Mens sana in corpore sano
Saya percaya banyak dari Anda tahu akan makna istilah ini, apalagi kalau mendekati pesta olahraga akbar seperti Pekan Olahraga Nasional (PON), SEA Games, Asian Games, sampai Olimpiade, bakal sering ketemu istilah ini di mana-mana, baik itu di baliho tepi jalan; di media cetak, seperti surat kabar dan majalah; media elektronik, seperti radio dan televisi; sampai media daring, seperti media sosial dan blog.
Di dalam tubuh yang kuat terdapat jiwa yang sehat.
Sungguh sangat mengena.
Namun apabila di balik, apakah mempunyai makna yang sama?
"Belum tentu jika tubuhnya kuat, jiwanya juga sehat. Tuh, orang gila yang biasanya lari di daerah Jalan A. Tubuhnya kuat, tapi dia gila, tidak sehat jiwanya. Tapi, kalau jiwanya sehat, pasti tubuhnya juga kuat," kata Bu Mirna (nama samaran), salah seorang teman, memberi argumen.

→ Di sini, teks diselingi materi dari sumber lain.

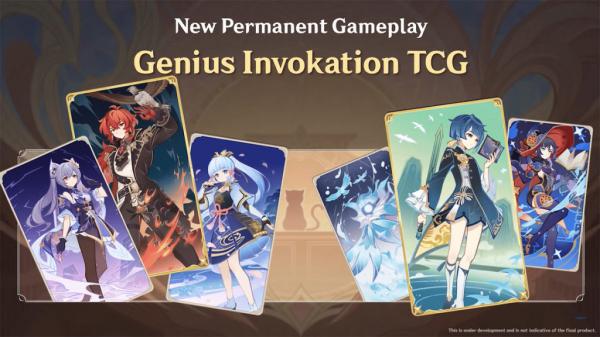 Как повысить уровень игрока в Священном призыве семерых в Genshin impact? Как повысить уровень игрока в Священном призыве семерых в Genshin impact?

Namun, beberapa hari kemudian, Bu Mirna jatuh sakit. Maag dan radang lambung akut. Begitu yang saya dengar dari beberapa teman yang sempat membesuk beliau di rumah sakit.
Bu Mirna muncul tiga minggu kemudian, di ibadah keluarga yang rutin diadakan setiap hari Kamis.
Wajah masih pucat, jalan masih gontai, suara terdengar sendu.Â
Begitulah kondisi beliau. Sebenarnya masih belum pulih seratus persen, tapi beliau memaksakan diri untuk ikut ibadah, karena hampir sebulan tidak hadir.
Dan apa yang dibicarakan oleh beliau adalah tentang pergumulannya dengan penyakit yang mendera tubuh, mengambinghitamkan tekanan pekerjaan yang dia dapatkan.
Hidup yang Berkualitas itu Perlu Diperjuangkan
Ya, memang tidak selamanya kalau tubuh kuat, berarti jiwa juga sehat. Ada orang-orang gila yang menjadi bukti bahwa terkadang istilah di atas tidak selamanya benar. Namun, membalik istilah, dalam hal ini, "jiwa sehat, pasti tubuh kuat", jelas ini tidak bisa dilakukan.
"Lho, kan tubuh kuat, jiwa pasti sehat. Masa tidak bisa dibalik? Kan sama saja!"
Mungkin ada yang berpendapat seperti itu ^_^.
Yah, saya tidak ingin berargumentasi, beradu urat leher dengan yang mau membolak balik istilah.
Yang jelas, menurut pemahaman saya, keduanya harus seimbang. Tubuh harus kuat, jiwa harus sehat. Tidak boleh hanya salah satu saja yang "berat". Tidak boleh berat sebelah. Untuk mencapai tubuh yang kuat, tubuh pun harus dilatih supaya kuat; untuk menggapai jiwa yang sehat, jiwa pun harus dikelola agar sehat.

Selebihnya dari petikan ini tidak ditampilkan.